Mumbai: The MRO Association of India (MAOI) has urged the ministry of civil aviation for urgent attention to the dwindling maintenance, repairs and overhaul (MRO) industry. Declaring the industry’s present state as “critical”, the MAOI has written to the ministry to offer the Indian MRO a fair chance to compete with foreign MROs that enjoy a favourable import tax policy of the government.
The MAOI has stated that lopsided tax policies, after the introduction of the Goods and Service Tax (GST), have led to 90 per cent of the MRO requirements of India being imported, causing severe loss to the MRO industry and tax revenues.

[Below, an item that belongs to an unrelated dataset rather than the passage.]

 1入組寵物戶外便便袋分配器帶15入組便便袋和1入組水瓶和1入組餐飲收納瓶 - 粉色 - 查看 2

“The Indian MRO business has been on a gradual decline and for the first time in history, has registered negative numbers this year. We cannot stress enough on the plight of our industry and are hoping for government intervention before it’s too late,” said Bharat Malkani, president of MAOI.
The association has highlighted that the Indian tax regime has been benefitting foreign players while putting domestic players at a disadvantage. “The present GST for importing MRO services to India is levied at a maximum 5 per cent, whereas the same services offered at home are taxed at a GST of 18 per cent. This makes it unviable for Indian airline carriers to even consider us for doing the job,” said Mr Malkani.

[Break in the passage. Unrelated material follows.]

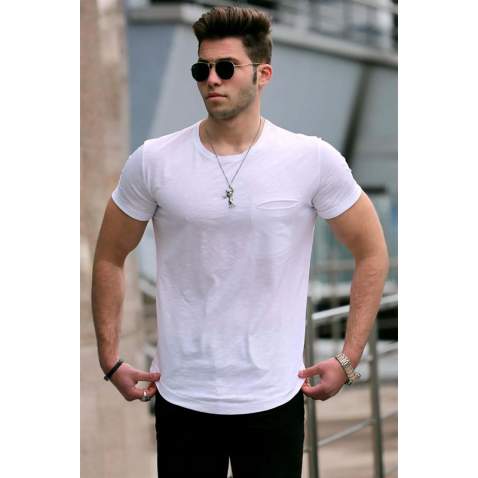 Madmext White Basic T-shirt for Men 4474 - Beyaz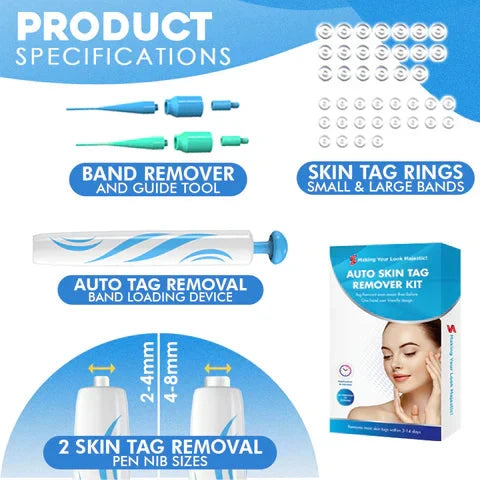 Skin Tag Removal Kit Pain-Free Auto Applicator 44 Bands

The MAOI also pointed to the fact that despite the government opening up 100 per cent FDI, no foreign player had bought into it. The subsidising of imports by offering the nation’s MRO to foreign MRO companies gave them no reason to invest directly in India when they were profitably operating from their own countries.
“The Indian civil aviation industry is in the midst of a boom, with a consistent 20 per cent growth rate for the last few years. Based on data from the OEMs, the current fleet of 550 airliners is expected to grow to 1,000 by 2023,” said Ravi Menon, vice-president, MAOI.